» **Goal of the exercise**
What you write should be the line containing "Gallery image thumbnail" followed by every line after it to the end of the listing, exactly as given, and nothing more.

....

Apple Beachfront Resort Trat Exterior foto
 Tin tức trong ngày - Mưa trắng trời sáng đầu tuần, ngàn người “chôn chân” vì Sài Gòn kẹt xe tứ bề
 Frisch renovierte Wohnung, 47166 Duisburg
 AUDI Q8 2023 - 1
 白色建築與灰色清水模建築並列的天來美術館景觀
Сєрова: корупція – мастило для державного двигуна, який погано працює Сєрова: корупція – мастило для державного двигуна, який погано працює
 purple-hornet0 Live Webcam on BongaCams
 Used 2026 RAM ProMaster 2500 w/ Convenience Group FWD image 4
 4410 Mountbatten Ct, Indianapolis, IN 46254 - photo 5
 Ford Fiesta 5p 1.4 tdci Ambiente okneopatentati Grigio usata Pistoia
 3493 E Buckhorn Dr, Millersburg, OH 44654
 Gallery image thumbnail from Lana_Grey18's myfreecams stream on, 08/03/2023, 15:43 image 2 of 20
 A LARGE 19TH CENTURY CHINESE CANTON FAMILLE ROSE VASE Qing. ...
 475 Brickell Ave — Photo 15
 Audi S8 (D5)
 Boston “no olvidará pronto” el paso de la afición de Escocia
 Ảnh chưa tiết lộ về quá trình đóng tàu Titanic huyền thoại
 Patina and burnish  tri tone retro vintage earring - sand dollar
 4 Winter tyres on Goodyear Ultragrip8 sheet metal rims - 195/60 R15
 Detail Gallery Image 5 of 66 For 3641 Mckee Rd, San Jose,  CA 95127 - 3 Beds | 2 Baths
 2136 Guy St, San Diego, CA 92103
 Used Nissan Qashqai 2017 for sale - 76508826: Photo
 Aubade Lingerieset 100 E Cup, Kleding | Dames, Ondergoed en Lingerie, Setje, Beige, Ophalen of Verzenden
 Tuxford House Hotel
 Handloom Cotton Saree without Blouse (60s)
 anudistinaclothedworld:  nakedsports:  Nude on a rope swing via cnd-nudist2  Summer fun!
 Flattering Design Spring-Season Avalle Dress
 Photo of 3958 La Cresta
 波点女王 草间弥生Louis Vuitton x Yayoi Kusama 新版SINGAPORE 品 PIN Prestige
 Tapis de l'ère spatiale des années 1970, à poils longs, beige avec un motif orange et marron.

....

» **Solution to this exercise**
 Gallery image thumbnail from Lana_Grey18's myfreecams stream on, 08/03/2023, 15:43 image 2 of 20
 A LARGE 19TH CENTURY CHINESE CANTON FAMILLE ROSE VASE Qing. ...
 475 Brickell Ave — Photo 15
 Audi S8 (D5)
 Boston “no olvidará pronto” el paso de la afición de Escocia
 Ảnh chưa tiết lộ về quá trình đóng tàu Titanic huyền thoại
 Patina and burnish  tri tone retro vintage earring - sand dollar
 4 Winter tyres on Goodyear Ultragrip8 sheet metal rims - 195/60 R15
 Detail Gallery Image 5 of 66 For 3641 Mckee Rd, San Jose,  CA 95127 - 3 Beds | 2 Baths
 2136 Guy St, San Diego, CA 92103
 Used Nissan Qashqai 2017 for sale - 76508826: Photo
 Aubade Lingerieset 100 E Cup, Kleding | Dames, Ondergoed en Lingerie, Setje, Beige, Ophalen of Verzenden
 Tuxford House Hotel
 Handloom Cotton Saree without Blouse (60s)
 anudistinaclothedworld:  nakedsports:  Nude on a rope swing via cnd-nudist2  Summer fun!
 Flattering Design Spring-Season Avalle Dress
 Photo of 3958 La Cresta
 波点女王 草间弥生Louis Vuitton x Yayoi Kusama 新版SINGAPORE 品 PIN Prestige
 Tapis de l'ère spatiale des années 1970, à poils longs, beige avec un motif orange et marron.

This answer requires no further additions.